[Caption-style text data]
═══
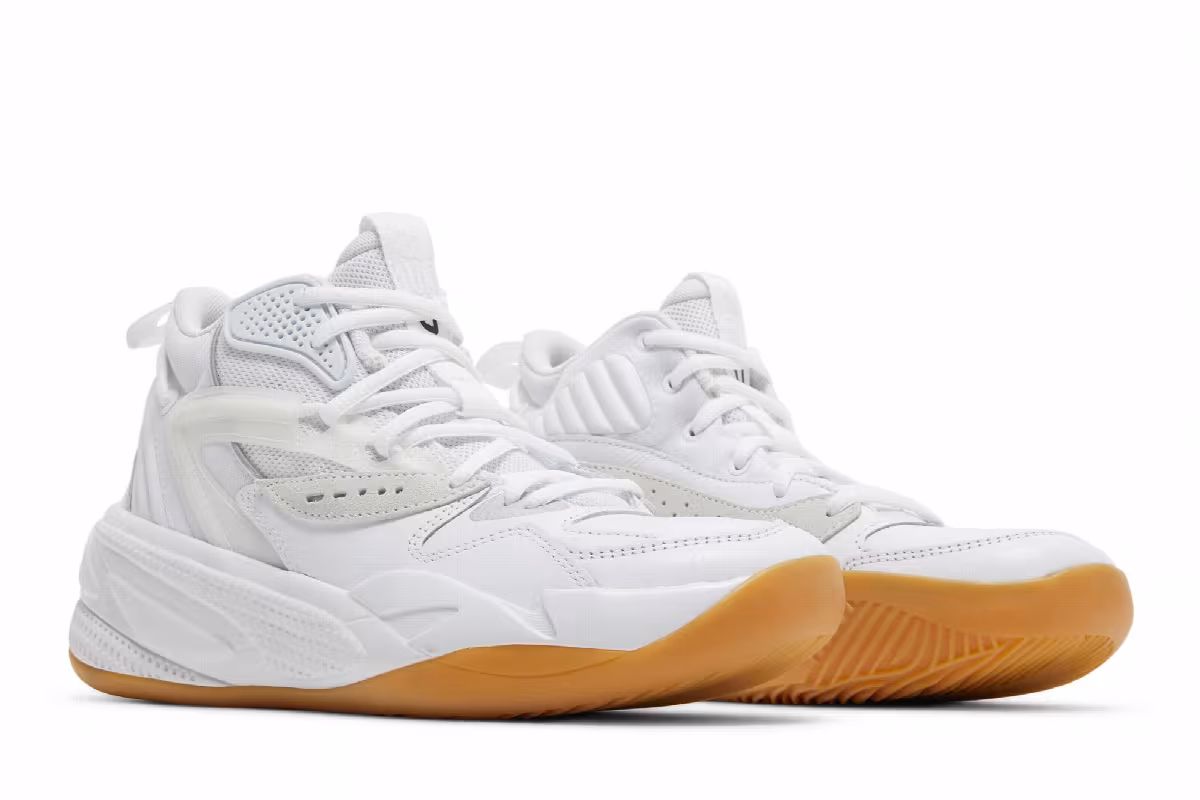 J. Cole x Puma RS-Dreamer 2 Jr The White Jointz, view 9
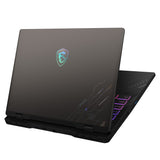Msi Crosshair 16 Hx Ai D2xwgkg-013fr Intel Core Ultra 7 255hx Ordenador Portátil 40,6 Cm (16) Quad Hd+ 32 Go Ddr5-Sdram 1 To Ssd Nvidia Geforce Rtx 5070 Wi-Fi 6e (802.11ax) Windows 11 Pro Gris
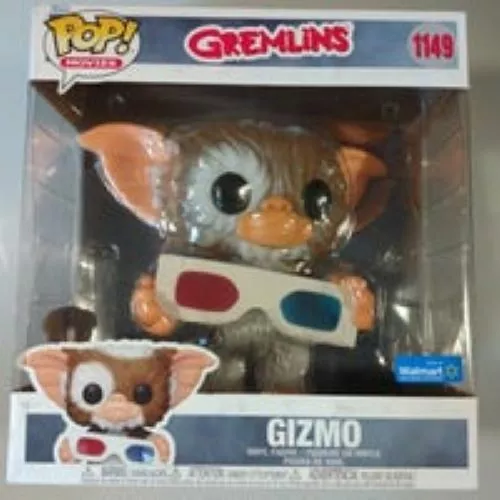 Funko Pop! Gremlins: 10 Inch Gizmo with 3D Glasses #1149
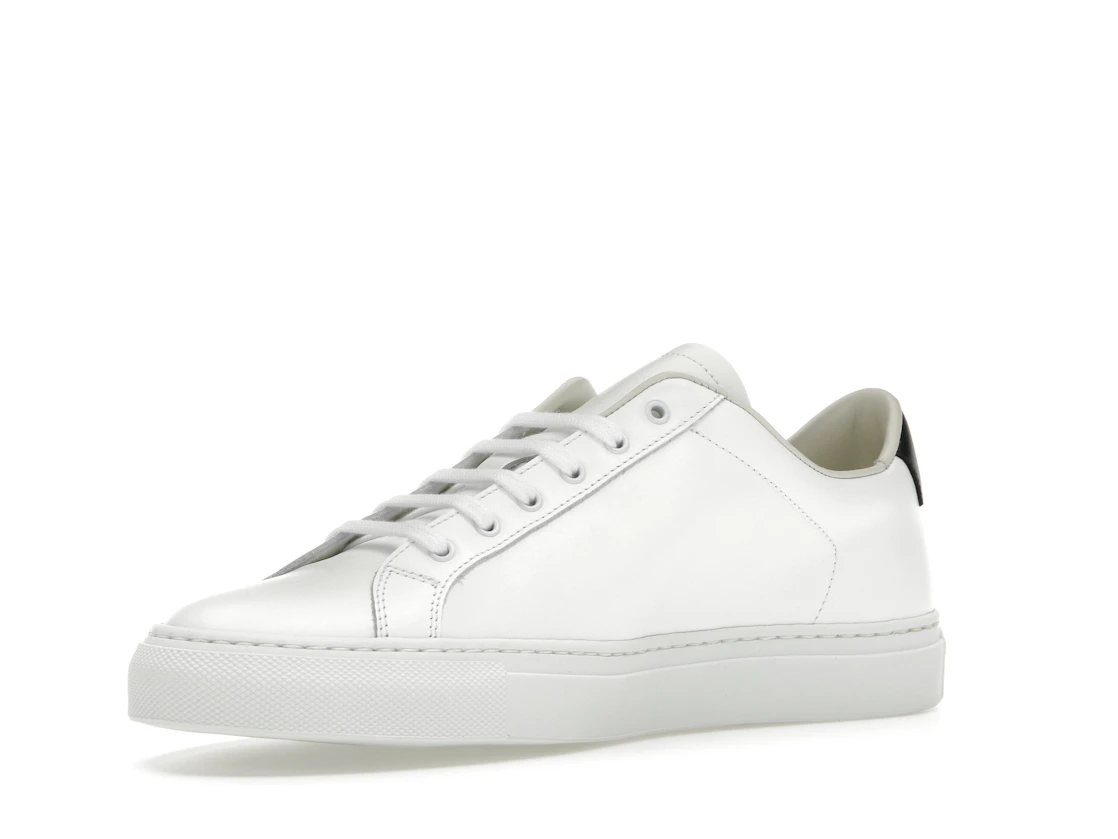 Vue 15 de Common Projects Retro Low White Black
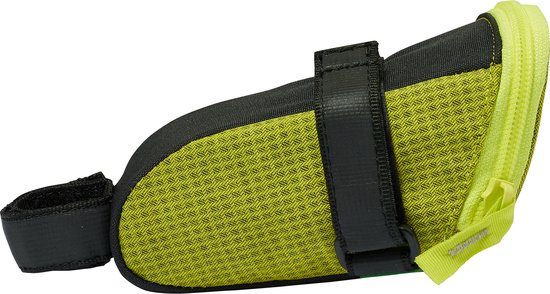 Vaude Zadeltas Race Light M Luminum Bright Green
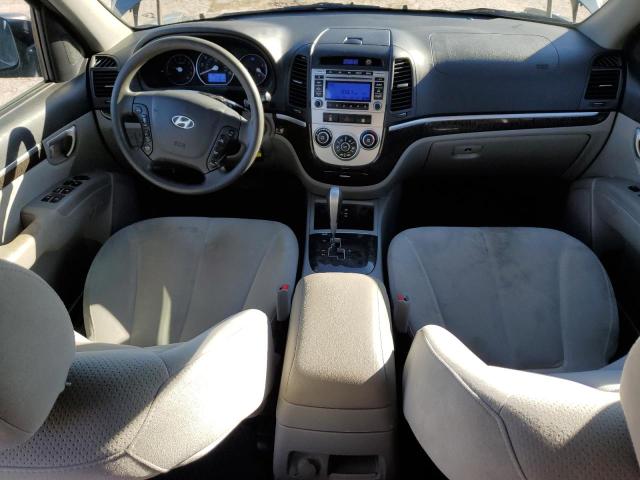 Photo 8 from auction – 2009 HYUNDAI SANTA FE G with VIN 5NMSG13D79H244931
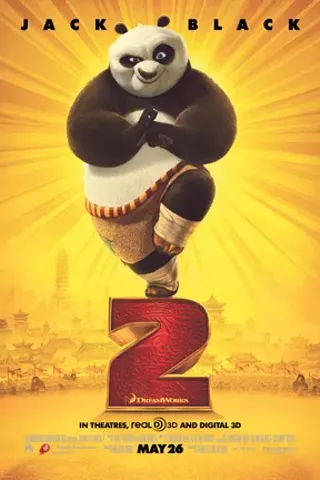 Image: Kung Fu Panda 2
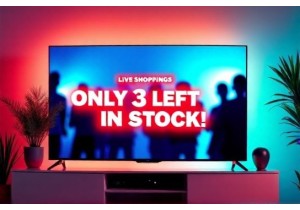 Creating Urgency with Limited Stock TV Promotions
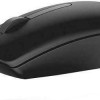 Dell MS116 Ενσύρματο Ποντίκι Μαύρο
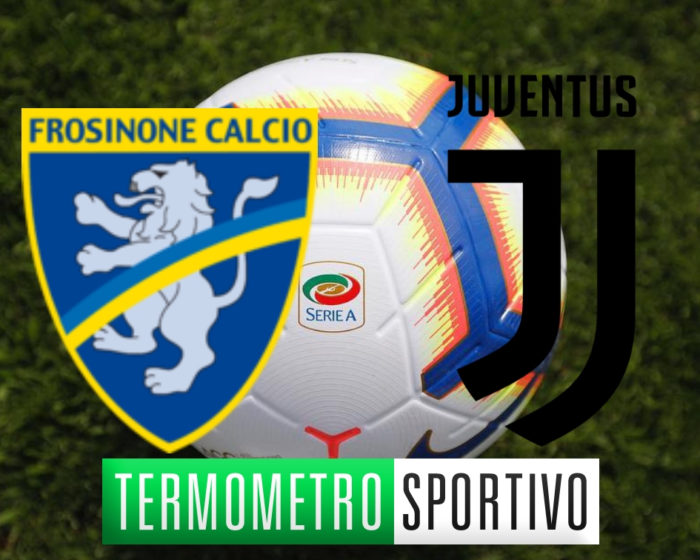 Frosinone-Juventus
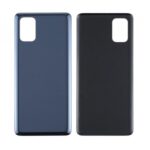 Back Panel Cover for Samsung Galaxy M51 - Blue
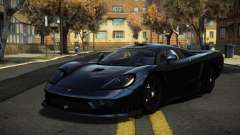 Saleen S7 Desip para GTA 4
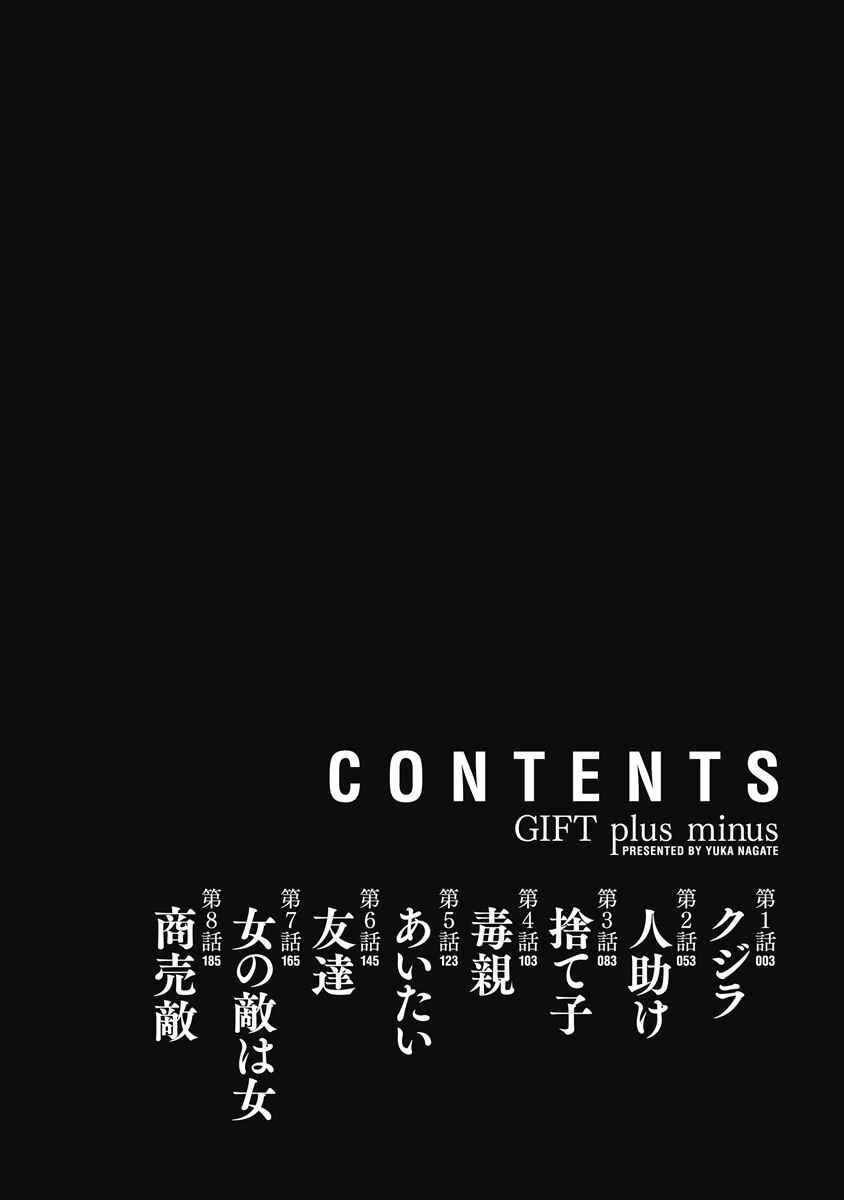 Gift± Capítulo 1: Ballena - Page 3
═══
▶ **WHAT YOU NEED TO DO**
Give the lines exactly, from the first line of the entries to the line with "Frosinone-Juventus", both ends included. Skip the pictures.

▶ **RESULT OF THIS EXERCISE**
 J. Cole x Puma RS-Dreamer 2 Jr The White Jointz, view 9
Msi Crosshair 16 Hx Ai D2xwgkg-013fr Intel Core Ultra 7 255hx Ordenador Portátil 40,6 Cm (16) Quad Hd+ 32 Go Ddr5-Sdram 1 To Ssd Nvidia Geforce Rtx 5070 Wi-Fi 6e (802.11ax) Windows 11 Pro Gris
 Funko Pop! Gremlins: 10 Inch Gizmo with 3D Glasses #1149
 Vue 15 de Common Projects Retro Low White Black
 Vaude Zadeltas Race Light M Luminum Bright Green
 Photo 8 from auction – 2009 HYUNDAI SANTA FE G with VIN 5NMSG13D79H244931
 Image: Kung Fu Panda 2
 Creating Urgency with Limited Stock TV Promotions
 Dell MS116 Ενσύρματο Ποντίκι Μαύρο
 Frosinone-Juventus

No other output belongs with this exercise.